Соломон снова заметил тень улыбки, и сжал зубы, ожидая реакции на почти откровенное оскорбление.
— Я прошу прощения, — спокойно произнес Эльдрад. — Я не хотел никого обидеть или проявить неуважение. Я просто намеревался вести диалог согласно добродетелям, а не рангам.
— Извинения приняты, — заверил его Фулгрим. — Твое замечание совершенно правильно, не рождение и не ранг, а добродетели отличают людей. Мой лорд-командир просто заботится о том, чтобы определить мое положение. Хоть в наших обстоятельствах это и не важно, но мне все же не ясно, какое положение занимаешь ты среди своих соотечественников.
— Меня можно назвать прорицателем, — ответил Эльдрад. — Я веду свой народ через испытания, которые готовит нам будущее, и предлагаю наилучший путь, чтобы их преодолеть.
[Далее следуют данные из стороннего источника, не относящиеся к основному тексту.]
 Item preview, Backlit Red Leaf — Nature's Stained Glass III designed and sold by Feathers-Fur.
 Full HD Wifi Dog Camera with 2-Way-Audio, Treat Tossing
— Прорицатель… — протянул Фулгрим. — Так ты колдун?
Рука Соломона непроизвольно метнулась к рукояти меча, но он подавил порыв. Примарх категорически запретил им обнажать оружие, пока он сам не подаст пример. Но Эльдрад, казалось, не заметил провокации Фулгрима и лишь слегка покачал головой.
— Это древний термин, — пояснил он. — Возможно, слово не совсем точно переводится на ваш язык.
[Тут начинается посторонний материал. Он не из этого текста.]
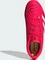 adidas Predator Club SG lucid red/cloud white/core black (Junior) Vorschaubild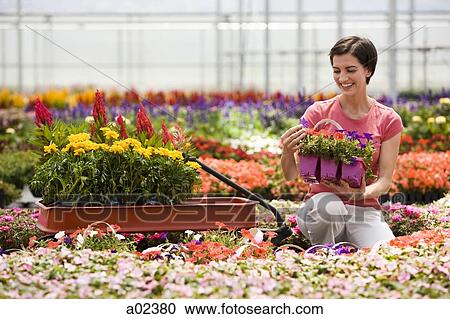 USA, Utah, Salem, woman in plant nursery View Large Photo Image Stock Image - USA, Utah, Salem, woman in plant nursery. Fotosearch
— Я понимаю, — кивнул Фулгрим. — И прошу прощения за необдуманные слова.
Соломон слишком хорошо знал своего примарха и понимал, что тот намеренно выбрал слово, чтобы проверить реакцию Эльдрада. Против человека такая уловка могла сработать, но на лице прорицателя не отразилось никаких эмоций.
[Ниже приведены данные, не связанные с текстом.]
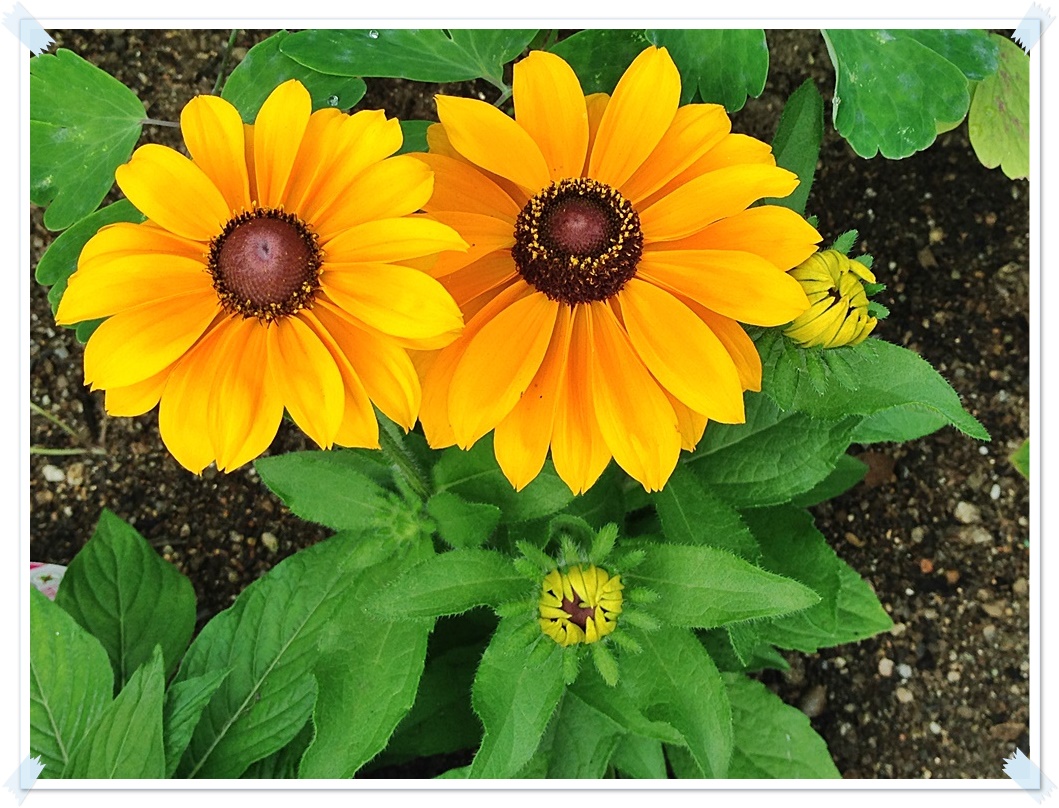 iPhone_2015-06-25_07-58-33.JPG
— Значит, в качестве прорицателя ты управляешь миром-кораблем?
— Мир-корабль Ультве не имеет правителя в вашем понимании этого слова. Скорее, это можно назвать советом.
— Я полагаю, что ты и Кираэн Златошлемный представляете этот совет? — настаивал Фулгрим. — Я хотел бы узнать, с кем имею дело.
— Обращайся ко мне, и ты обратишься к Ультве, — пообещал Эльдрад.
Остиан еще раз постучал в шаткую дверь студии Серены и мысленно дал ей пять минут, чтобы ответить, а потом он собирался вернуться к себе. Работа над статуей Императора продвигалась удивительно быстро, как будто руками скульптора двигала сама муза. Но сделать предстояло еще очень много, и визит к Серене отнимал у него драгоценное время.
Он вздохнул, понимая, что Серена не намерена откликаться. Но затем послышался какой-то шорох, из-за двери потянуло слабым, но хорошо различимым запахом давно немытого тела.
— Серена, это ты? — спросил он.
— Кто там? — отозвался охрипший и огрубевший голос.
— Это я, Остиан. Открой.
Единственным ответом ему была тишина, и Остиан уже решил, что обладатель незнакомого голоса, кем бы он ни был, решил проигнорировать его просьбу. Он уже поднял руку, чтобы постучать еще раз, но засов заскрипел и начал отодвигаться, и Остиан, не представляя, кто окажется перед ним, отступил на шаг назад.